How Credit Cards Fit Into the Bill-Payment Mix
Not everyone is comfortable using credit cards for bill payments, and even those who are don’t tend to go all in. This is backed by our research, which showed that 52% of consumers use credit cards for some of their bills, but not all. When it comes to other methods, 62% turn to bank transfers, and another 56% use debit cards. This mix-and-match approach suggests that consumers are weighing factors like convenience, flexibility, and control with each payment decision.
How Consumers Use Credit Cards Across Different Bills
Turns out, people are choosy. Certain bills are far more likely to land on a credit card than others. Subscriptions, like streaming services, are particularly popular, with 59% of respondents using credit cards for these payments. Internet and phone bills follow closely behind at 54%, and utilities come in at 42%. In contrast, only 10% of consumers use credit cards to pay rent or mortgage. This shows that while consumers recognize the benefits of credit cards as a payment method, certain constraints or individual preferences prevent full adoption.
Card ownership also plays a role. Most consumers (77%) carry two or more, likely making it easier to assign certain cards to specific types of expenses. Meanwhile, 18% prefer to carry only one card, pointing to a more simplified or cautious financial strategy.

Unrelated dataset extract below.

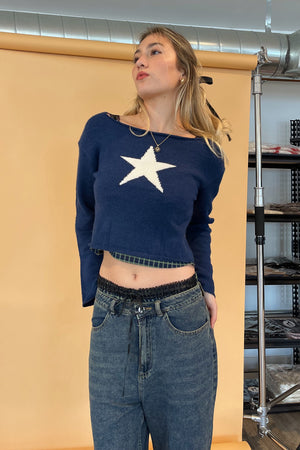 Star Girl Navy with Cream Star Crop Sweater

What Turns Consumers Off Credit Cards for Bill Pay
There is no single reason people stop using credit cards to pay their bills, but our research showed a few that stand out. Costs lead the pack with 37% of respondents pointing to interest rates and fees as dealbreakers. Next up is debt anxiety for 23% and concerns about overspending for another 18%. Faced with financial pressure, some consumers choose the safer path.
Other turn-offs? Changes to rewards programs (21%), billers not accepting cards anymore (21%), and bad customer service (11%). Essentially, when the perks are no longer appealing or the process is frustrating, consumers change their behavior for something that suits them better.
The Pull Factors Behind Credit Card Bill Pay
No surprise here, rewards and cashback are major motivators for using credit cards. Whether it’s points toward a flight or a kickback at the gas pump or grocery store, 66% of consumers said they’d be more likely to use their credit cards for bill payments if these perks were on the table. Beyond rewards, 48% pointed to lower fees and interest rates as key motivators, while 35% said better security would win them over. Convenience matters too. 34% value ease of use, and 26% said AutoPay options make credit cards more appealing for managing bills.
Time To Rethink the Role of Credit Cards
If there’s one thing KUBRA’s 2025 research makes clear, it’s that credit cards aren’t just for rainy days anymore. More consumers are reaching for them to manage everyday expenses, including bill payments.
As habits shift, so should the way billers think about payment options. Now is the time to evaluate whether your payment experience aligns with evolving consumer behavior. Billers who adapt early can tap into a growing preference, increase customer satisfaction, and potentially drive faster payments. Those who don’t? Risk being left behind.